NMOS representatives to other organizations should
take reasonable steps to ensure that such organizations
follow the same practice.
Statements made by individuals apparently acting
on behalf of the NMOS are particularly dangerous.
Such statements (e.g., issuing any statement on
NMOS letterhead or speaking at a conference without
stating that the views expressed are solely your
own) may be construed as demonstrating an unlawful
agreement when in fact no agreement exists at
all.
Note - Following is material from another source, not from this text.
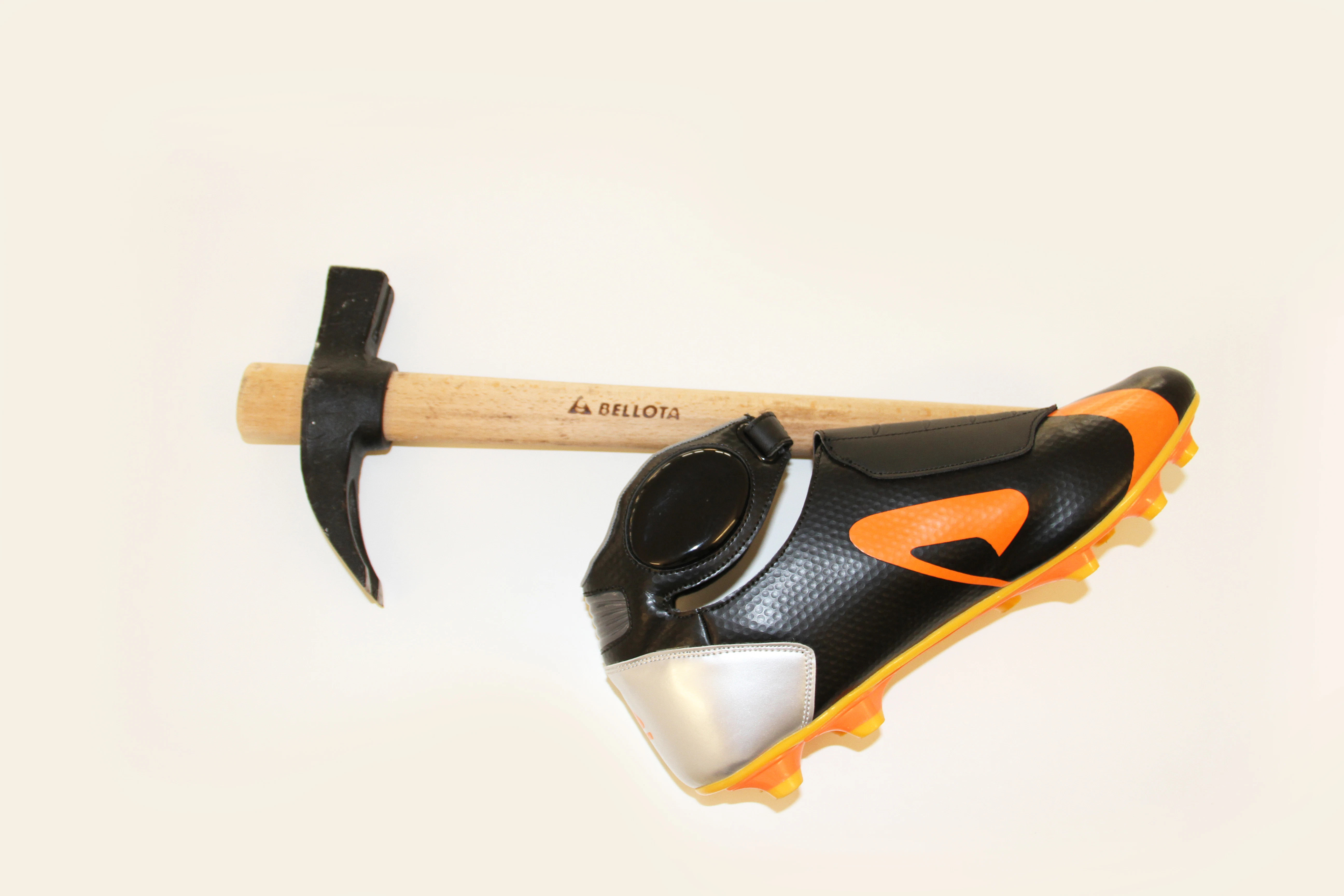 APS21 PANTHERA FOOTBALL BOOTS, PROVES THE WORLD. STRENG TECH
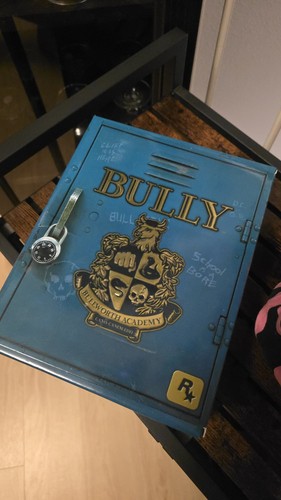 Bully collector edition - bully, collector’s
NMOS members should particularly refrain
from statements suggesting they have agreed not
to not to deal with a particular group of suppliers
or competitors.
The antitrust laws do not prohibit the NMOS or
its members from asking the legislature or other
governmental bodies to establish rules affecting
the profession, even if those rules when adopted
may have some effects on competition – because
petitioning the government is one of our fundamental
rights and duties as citizens. But just because
citizens can ask the government for something
does not mean that they can “jump the gun”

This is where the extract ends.